■ PROBLEM REQUIREMENTS
Type out the complete listing below word for word, without its pictures.

■ STORED DATA
+++
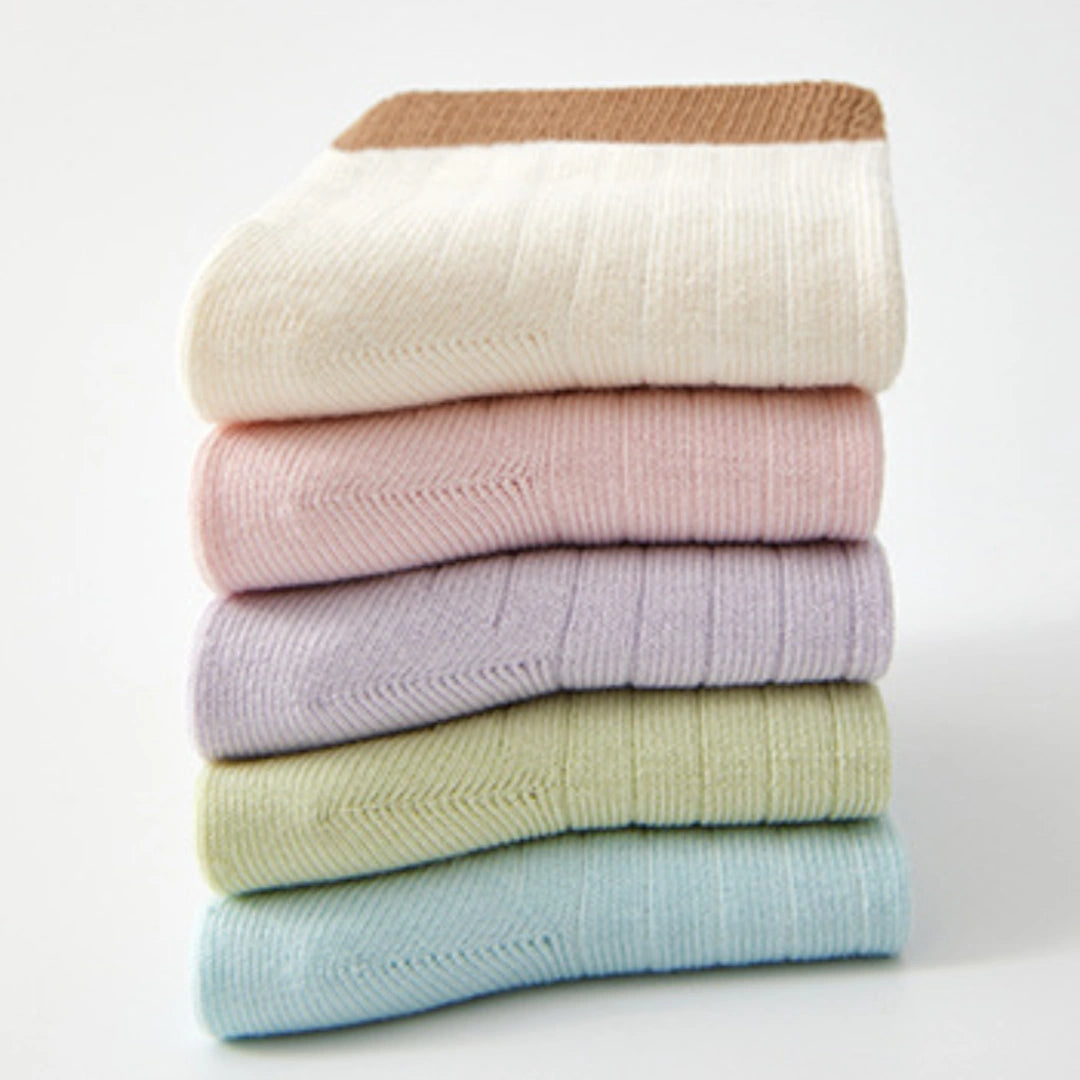 Kids' 97.3% Premium Cotton Solid Crew Socks 5-Pack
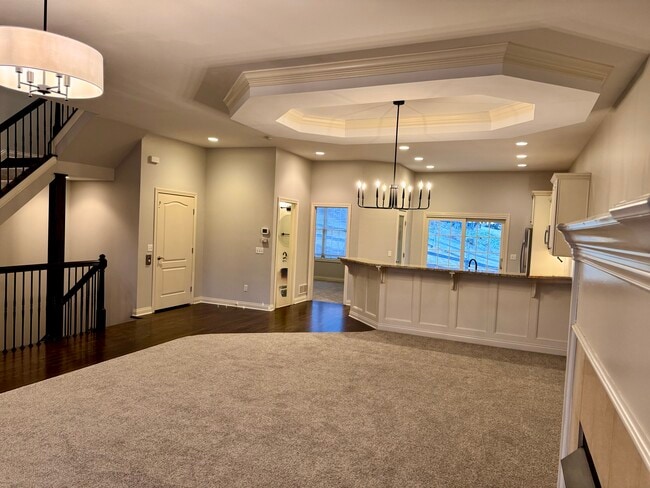 Foto del edificio - 512 S Grand Ave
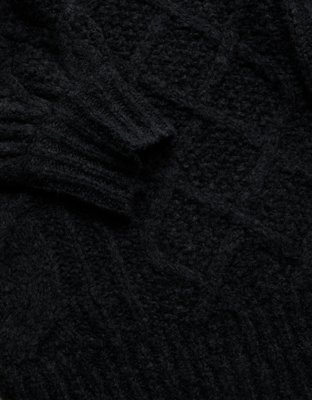 AE77 Premium Cable Sweater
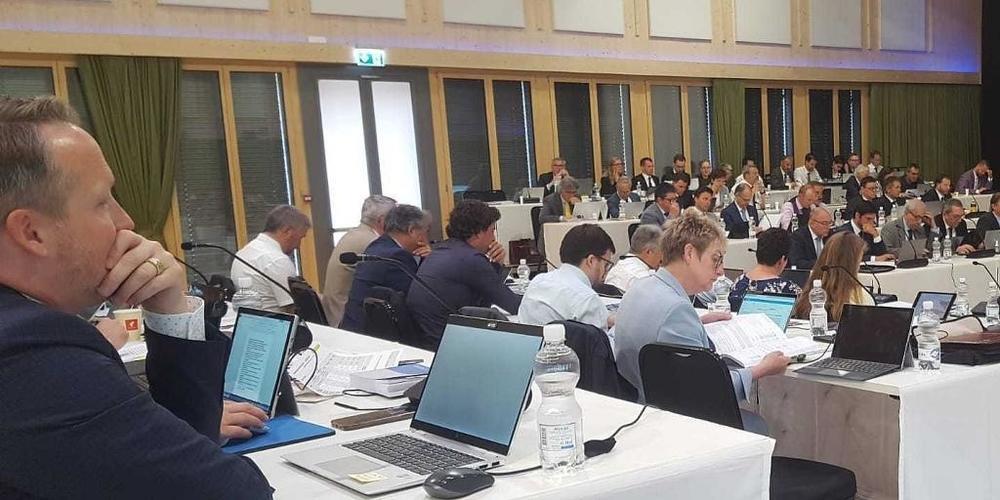 Das Bündner Kantonsparlament genehmigte an seiner Auswärtsession in Klosters die kantonale Jahresrechnung 2022 einstimmig.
+++
■ ANSWER SECTION
 Kids' 97.3% Premium Cotton Solid Crew Socks 5-Pack
 Foto del edificio - 512 S Grand Ave
 AE77 Premium Cable Sweater
 Das Bündner Kantonsparlament genehmigte an seiner Auswärtsession in Klosters die kantonale Jahresrechnung 2022 einstimmig.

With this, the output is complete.